MH's Direct3D 8.1 Wrapper

Discuss programming topics for the various GPL'd game engine sources.
Baker
Posts: 3666
Joined: Tue Mar 14, 2006 5:15 am

MH's Direct3D 8.1 Wrapper

Post by Baker »

Back in December 2009, MH released a Direct3D 8.1 that is easy to implement for most GLQuake engines (Example engines [6] site). Note: including an experimental EZQuake and my engine there are 8 working prototype engines using the wrapper.

[FitzQuake, Enhanced GLQuake, FuhQuake, ZQuake, Tomaz are the others.]

MH gave me and updated version of the wrapper lately from April and it is quite a bit faster.

I've been spending a bit of time lately sorting through things trying to isolate necessary and unnecessary changes in my own engine to optimize it and debug it.

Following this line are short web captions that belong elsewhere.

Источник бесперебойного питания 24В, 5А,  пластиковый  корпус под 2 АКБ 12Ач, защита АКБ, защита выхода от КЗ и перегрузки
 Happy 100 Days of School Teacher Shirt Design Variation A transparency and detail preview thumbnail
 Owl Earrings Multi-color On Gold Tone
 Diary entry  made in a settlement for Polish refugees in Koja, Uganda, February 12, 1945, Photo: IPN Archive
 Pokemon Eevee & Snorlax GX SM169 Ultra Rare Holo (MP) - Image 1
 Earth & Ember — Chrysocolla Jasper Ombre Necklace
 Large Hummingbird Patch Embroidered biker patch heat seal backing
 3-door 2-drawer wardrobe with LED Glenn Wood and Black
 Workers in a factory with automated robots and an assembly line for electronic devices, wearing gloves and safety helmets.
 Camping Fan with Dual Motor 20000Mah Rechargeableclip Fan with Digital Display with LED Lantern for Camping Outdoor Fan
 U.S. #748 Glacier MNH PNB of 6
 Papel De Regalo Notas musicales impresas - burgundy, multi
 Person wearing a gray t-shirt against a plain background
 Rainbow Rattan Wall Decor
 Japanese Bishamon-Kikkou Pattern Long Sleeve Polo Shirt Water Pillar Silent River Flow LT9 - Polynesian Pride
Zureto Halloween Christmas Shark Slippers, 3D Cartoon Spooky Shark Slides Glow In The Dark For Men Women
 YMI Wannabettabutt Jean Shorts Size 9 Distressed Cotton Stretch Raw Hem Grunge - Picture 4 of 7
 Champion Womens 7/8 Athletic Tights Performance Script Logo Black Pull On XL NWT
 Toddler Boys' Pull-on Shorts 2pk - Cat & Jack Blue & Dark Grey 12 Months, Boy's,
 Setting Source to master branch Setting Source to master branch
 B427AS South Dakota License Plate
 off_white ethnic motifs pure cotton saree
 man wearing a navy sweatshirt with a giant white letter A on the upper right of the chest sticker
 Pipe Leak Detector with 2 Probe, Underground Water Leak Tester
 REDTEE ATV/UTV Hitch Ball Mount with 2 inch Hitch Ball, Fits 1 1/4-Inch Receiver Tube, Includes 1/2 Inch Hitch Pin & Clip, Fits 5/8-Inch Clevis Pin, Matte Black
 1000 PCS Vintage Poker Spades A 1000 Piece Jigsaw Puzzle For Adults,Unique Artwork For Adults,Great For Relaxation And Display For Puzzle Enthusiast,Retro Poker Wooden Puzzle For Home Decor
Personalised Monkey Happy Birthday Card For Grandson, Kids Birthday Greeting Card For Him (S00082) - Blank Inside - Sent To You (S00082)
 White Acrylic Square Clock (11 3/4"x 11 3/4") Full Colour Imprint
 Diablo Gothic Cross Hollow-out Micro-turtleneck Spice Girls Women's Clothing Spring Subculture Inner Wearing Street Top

Anyway, here is what is probably my final list of #ifdefs for the wrapper. I try to use detail that explains the exception ...

Code: Select all

#ifdef DX8QUAKE
# define DX8QUAKE_NO_DIALOGS               // No "starting Quake type "dialogs for DX8QUAKE
# define DX8QUAKE_NO_8BIT                  // D3D8 wrapper didn't keep the 8bit support
# define DX8QUAKE_GET_GL_MAX_SIZE          // D3D8 wrapper obtains the maxsize from the video card
# define DX8QUAKE_CANNOT_DETECT_FULLSCREEN_BY_MODESTATE	// Detecting modestate == MS_FULLDIB isn't useful
# define DX8QUAKE_NO_BINDTEXFUNC           // SGIS/ancient GL pathway removal
# define DX8QUAKE_NO_GL_ZTRICK             // DX8QUAKE hates gl_ztrick; clear the buffers every time
# define DX8QUAKE_GL_READPIXELS_NO_RGBA    // Wrapper only supports GL_RGBA; not GL_RGBA like envmap command uses
#endif
Most of the things like lack of "ztrick" support, the inability to do glReadPixels as GL_RGBA or compatibility with ancient obsoleted BindTexFunc or lack of 8 bit support or the "starting Quake" dialog wouldn't interest anyone anyway.

I have 2 or 3 bugs I'm battling not related to the Direct3D 8.1 wrapper but I am getting very high frames per second.

After ridding the 2 or 3 bugs that annoying me, the dx8 version of my engine is near enough in performance to GL as to be able to replace its usage and the reliability is top notch.

[Part of me is wondering what it'd be like to use the wrapper on a non-Quake engine that uses OpenGL 1.2 or thereabouts.]
The night is young. How else can I annoy the world before sunsrise? 8) Inquisitive minds want to know ! And if they don't -- well like that ever has stopped me before ..
Baker
Posts: 3666
Joined: Tue Mar 14, 2006 5:15 am

Post by Baker »

Btw ... how complicated is it to implement the wrapper in an OpenGL 1.2 type of engine (like not DarkPlaces).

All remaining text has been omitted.